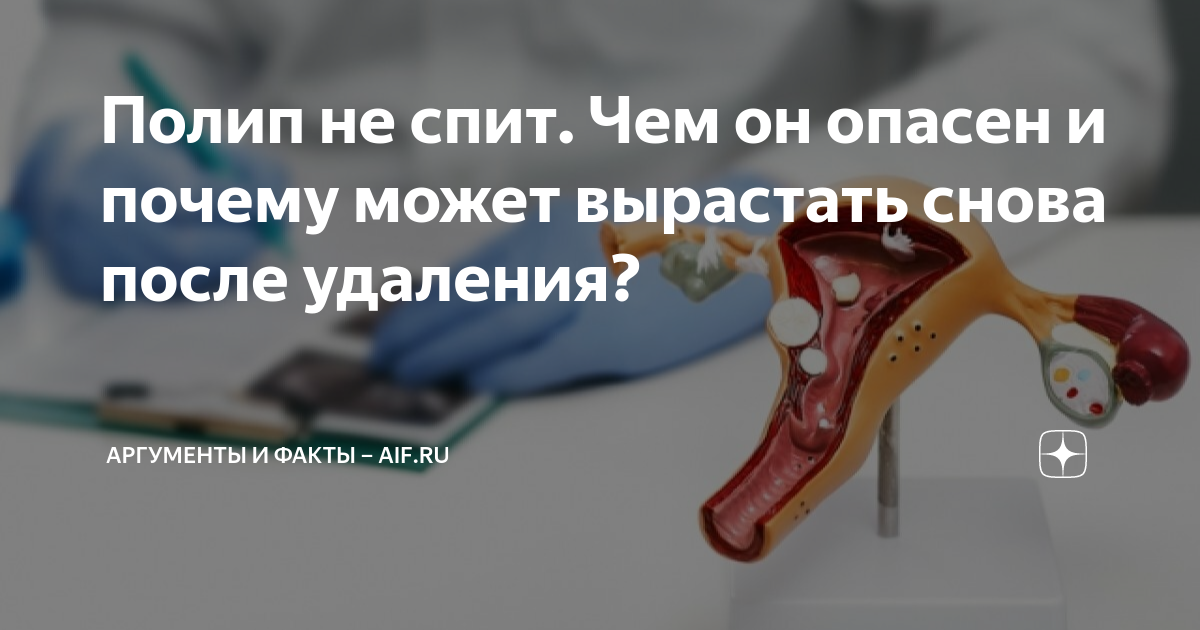 полип это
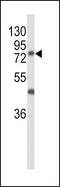 Polypeptide N-acetylgalactosaminyltransferase 3 antibody, GTX80494, GeneTex, Western Blot image 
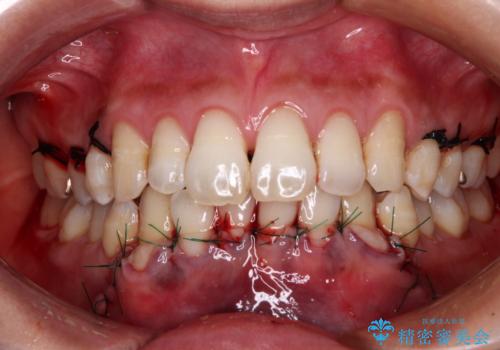 年々下がる歯茎を何とかしたい　歯肉移植術による根面被覆の治療後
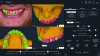 Fig 3. AI applications in orthodontics encompass cephalometric analysis, treatment outcome prediction, and automated treatment planning.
:::::
- [Work request] The whole listing, pictures excluded, should be output exactly.

- [Answer below]
 полип это
 Polypeptide N-acetylgalactosaminyltransferase 3 antibody, GTX80494, GeneTex, Western Blot image 
 年々下がる歯茎を何とかしたい　歯肉移植術による根面被覆の治療後
 Fig 3. AI applications in orthodontics encompass cephalometric analysis, treatment outcome prediction, and automated treatment planning.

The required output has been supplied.